May 4, 2013

If you are not on Facebook or Twitter while watching Scandal, I would encourage you to check out the posts from time to time, perhaps during the commercial breaks.  This latest episode brought about some interesting comments for sure, with the line of the night being "if you want me, earn me!"  Everybody wondered what Fitz was going to do.  I think that a lot of people feel conflicted when watching the show.  They want Olivia to win but not to win as a mistress.  Why even think that deep about it when it is just a TV show?  Trust me, I wish it wasn't that deep and I guess it really does not have to be. However, when you consider the struggle and the frustration over the images of black women in media/entertainment, to finally have a black leading lady, we can't help but be that deep.  Plus, I do not know that we should throw the "social responsibility" talk out of the window because Shonda Rhimes has produced yet another hit show that captivates us.  I must admit though I would like nothing more than to veg out, watch the show, and not think twice about it.

So yeah we want Olivia to win but not as a mistress.  I think most people agree that she and Fitz genuinely love each other.  His marriage was built on the wrong things and he became enthralled with another woman.  But because his situation is so frickin' complicated, I can't possibly see how Liv wins in the end.  Ms. Rhimes is the writing expert and I hope she has a way out that ends well for Liv.  Right now though, I just can't see it.  So that leaves many of us conflicted.  We are fascinated with her on one hand and then frustrated with her on the other.  Kerry Washington said that she loved the fact that Olivia Pope was not perfect.  She has flaws and was vulnerable.  I do not know that any of us expect perfection but why this flaw?  To me it is not a flaw, but a stain.  No matter how sharp and lovely, right or wrong, the stain is glaring and what most people zero in on.  Personally, I wonder how the show continues once the biggest scandal is public knowledge.  No other scandal compares.  Even now, no one really wants to see her clients and their scandals.  The prevailing story is Liv and Fitz.  So we see Liv in her weakness now more than in her strength as fixer.  And for all of the progress of being the rare black leading lady, the ultimate image portrayed is still one we want to get away from.  The image of the high-powered, SINGLE, career woman.  The image of the alpha-chick (stealing from Sophia Nelson) outwardly strong but inwardly broken and unhappy.  The image of the breathtaking black woman that is so brilliant that people seek her out and pay her top dollar, but dumb when it comes to men.  The image of the fixer that seriously needs fixing.  The image of black woman as "not a role model." The image of the black woman yet again losing.  It is unnerving and ironic to have these images perpetuated when the inspiration for Olivia Pope, Judy Smith is in fact married with two adult children.  Why was this story line chosen?  I would have been just as drawn in as a viewer to see the brilliant woman win on all fronts, especially when that is indeed happening.

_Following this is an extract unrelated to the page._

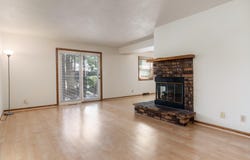 2754 Atherton, ROCKFORD, IL 61114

Instead the role of the mistress is being glorified.  I was surprised to see the promo for a new show on ABC entitled Mistresses.  I haven't looked into the background of the show.  This is mere speculation on my part.  As far as I know it is not a Shonda Rhimes show.  But is this new show partly inspired by the love/empathy for Olivia Pope?  It would not surprise me at all if the creators of this new show decided to craft this show because the success of Scandal is evidence that viewers are not as bothered by the idea of mistresses.  Once again to some it may not be that deep and in a perfect world it should not be that deep.  But we all know the influence media/entertainment have on culture and perceptions.  Life imitates art; art imitates life. We all know that adultery takes place and there are mistresses, but will they now be looked at favorably?  Or will the social responsibility aspect of this be the fact that the side chicks don't win?  Will Ms. Rhimes follow the Denzel Washington philosophy that the bad guys have to suffer the consequences?  If I remember right, Denzel said that his Training Day character had to die (that may not have been the original plan) because he was such a corrupt character that he could not possibly win in the end.  Will that be the fate of Olivia Pope?  If my thesis is correct that we want her to win but not as a mistress, then we should be satisfied either way, right?  What do you think?  Are you conflicted about Olivia Pope?